David Sims is an American pop culture critic who reviews television and movies. He spent his childhood and young adulthood growing up in New York City and London, England. He is most known for his pop culture writing, starting in 2009 with The AV Club where he recapped, and reviewed television shows. In 2014 he joined The Atlantic to become a part of the writing staff covering television, movies, and other pop culture. Shortly after joining The Atlantic, in 2015, Sims started a podcast, with his friend and actor Griffin Newman which came to be known as Blank Check with Griffin & David.

==Early life==

Sims was born in Manhattan, New York to a mother who was a city hall reporter, and a father who worked for the Bloomberg business news organization. While in New York he attended Public School 87, and enjoyed parks, museums, and playing little league baseball games. Sims has said that he developed his love of movies on his own, from the personal joy he experienced on his first viewing of Aladdin, to combing through The New York Times Arts section for movie posters for upcoming films. In 1994 his family moved to London as a result of his father's position at Bloomberg News. Sims would spend the rest of his childhood and his higher education in London. He finished his higher education at Newcastle University.

==Career==

After graduating college he took on two jobs in the field of journalism. One job was as education reporter for a local New York City paper The Chief-Leader, and the other job was writing recaps and reviews, as a freelancer, for the pop culture site The AV Club. Sims would keep The AV Club post for five years, from 2009 to 2014. During his time at The AV Club he contributed to 710 items to the news outlet. In 2014 he joined The Atlantic as a part of their writing staff, writing about movies and pop culture. His first piece was on March 3, 2014, predicting the 2014 Oscar nominees. By 2026 he would rise to be the Senior Associate Editor at The Atlantic. Sims is also a member of both the New York Film Critics Circle, and also the Critics Choice Association.
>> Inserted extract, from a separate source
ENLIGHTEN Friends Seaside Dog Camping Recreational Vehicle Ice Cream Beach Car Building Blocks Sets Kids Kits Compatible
In 2015, Sims, with his friend and actor Griffin Newman, formed the podcast Blank Check with Griffin & David. The show is about directors’ filmographies, those who've had massive success, early on in their careers, and are given a series of blank checks to make whatever passion projects they want. The show explores whether the movies made by successful pre-established directors are flops or successes by telling stories about how the films were made, from its financing to behind the scenes conflicts. Since 2016 the podcast has covered 44 directors, including M. Night Shyamalan, the Wachowski siblings, Steven Spielberg, Ang Lee, Hayao Miyazaki, Jane Campion, David Lynch, John Singleton and Gina Prince-Bythewood. The podcast has produced nearly 600 episodes.

As a result of his pop culture expertise, and his position at The Atlantic he has twice been invited to appear on WNYC’s All Of It with Alison Stewart once in 2019, and again in 2022. In his first appearance, he was part of a panel discussion, which reviewed the end of the television series Game of Thrones. In his second time on the show he discussed major financial losses by the streaming service Netflix.

==Personal life==

Sims lives in Brooklyn with his wife, daughter and twin boys.